◆ DIRECTIONS
Exactly as written, return all the data, leaving its pictures behind.

[DATASET Boundary: Start]

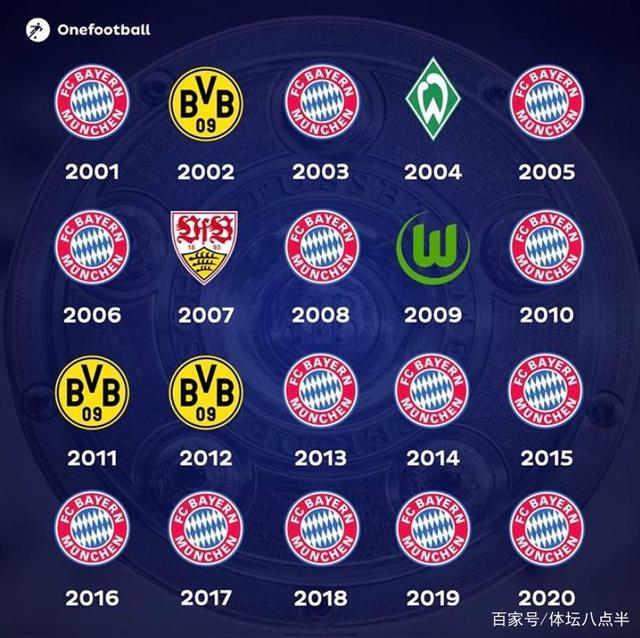 爱游戏tv-包含阿拉恰挑战者突围，德甲冠军或生变的词条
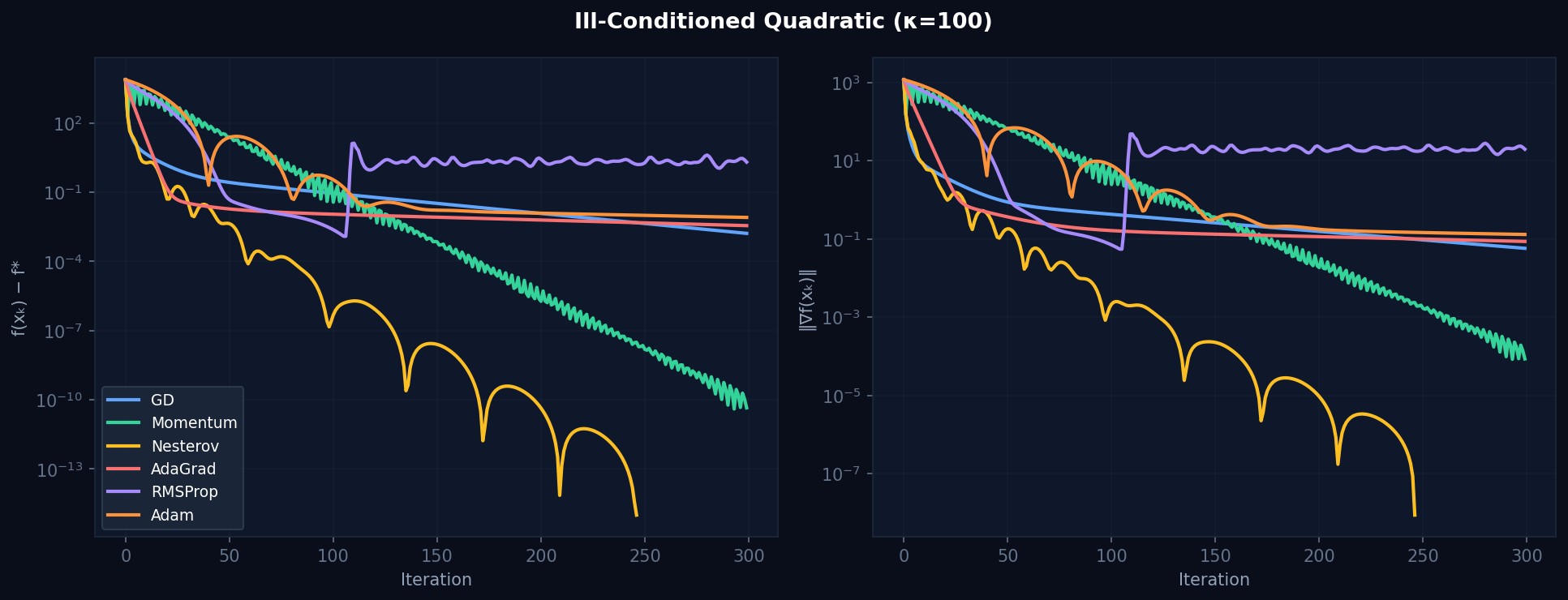 Ill-conditioned convergence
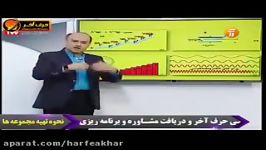 چرا شیمی حرف آخر؟ استادشیروانی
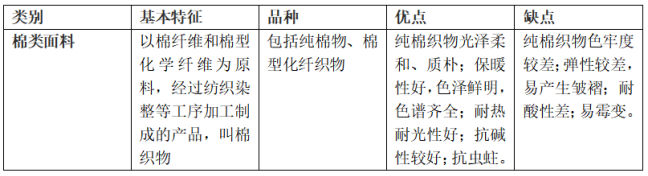 棉类<a href=//qdnxo.com/ target='_blank'>面料</a>的特点及优缺点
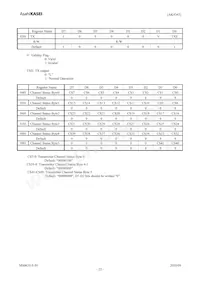 AK4345ET Datasheet Pagina 22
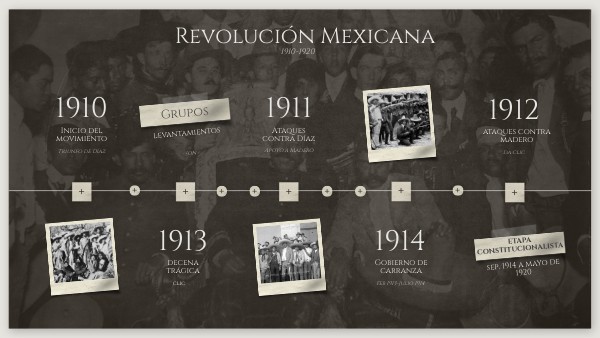 TIMELINE HISTORIA | Genially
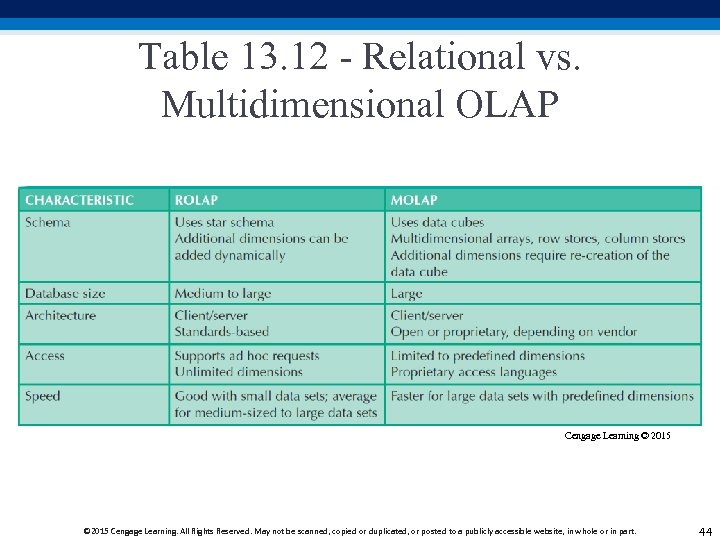 Table 13. 12 - Relational vs. Multidimensional OLAP Cengage Learning © 2015 Cengage Learning.
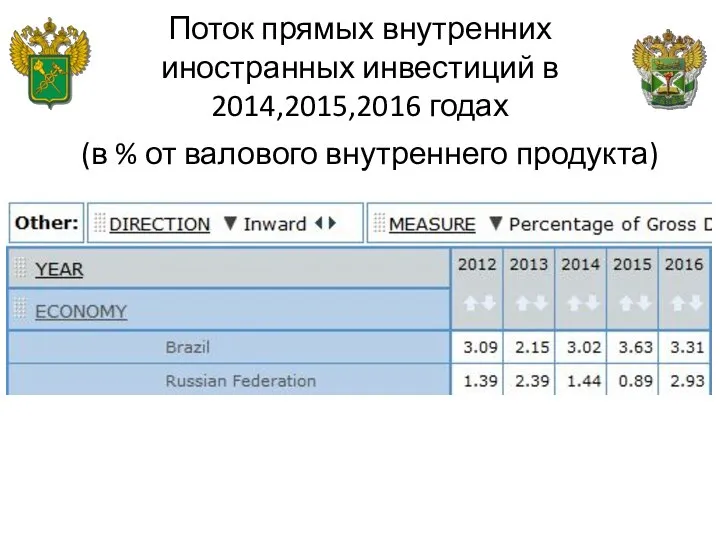 Поток прямых внутренних иностранных инвестиций в 2014,2015,2016 годах (в % от валового внутреннего продукта)
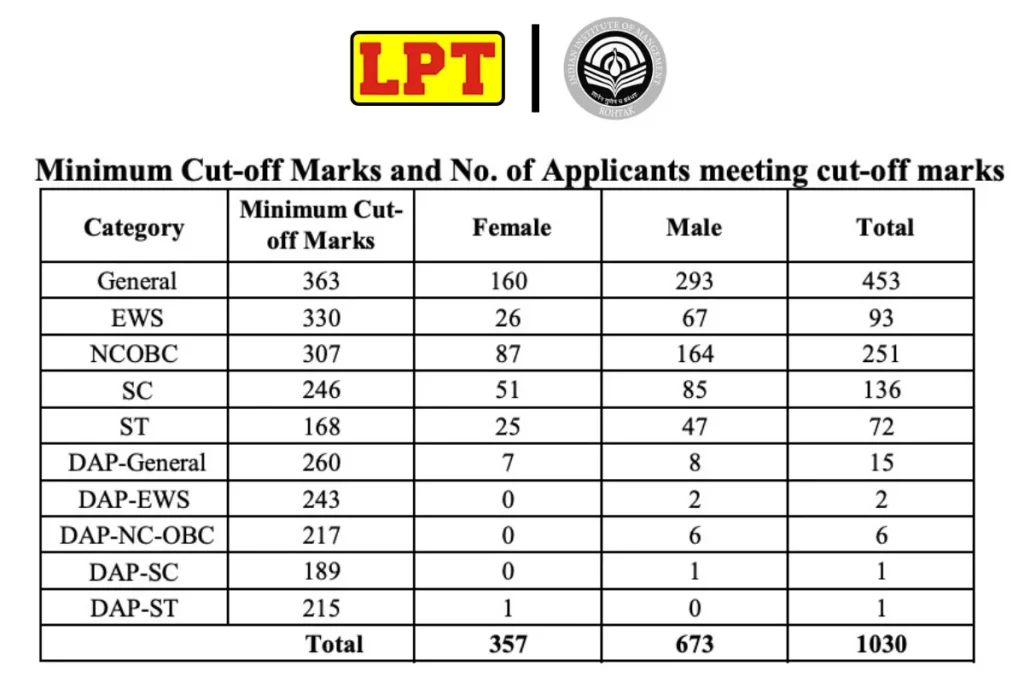 IPMAT Rohtak Cut Off 2026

[DATASET Boundary: End]

◆ ANSWER BOX
 爱游戏tv-包含阿拉恰挑战者突围，德甲冠军或生变的词条
 Ill-conditioned convergence
 چرا شیمی حرف آخر؟ استادشیروانی
 棉类<a href=//qdnxo.com/ target='_blank'>面料</a>的特点及优缺点
 AK4345ET Datasheet Pagina 22
 TIMELINE HISTORIA | Genially
 Table 13. 12 - Relational vs. Multidimensional OLAP Cengage Learning © 2015 Cengage Learning.
 Поток прямых внутренних иностранных инвестиций в 2014,2015,2016 годах (в % от валового внутреннего продукта)
 IPMAT Rohtak Cut Off 2026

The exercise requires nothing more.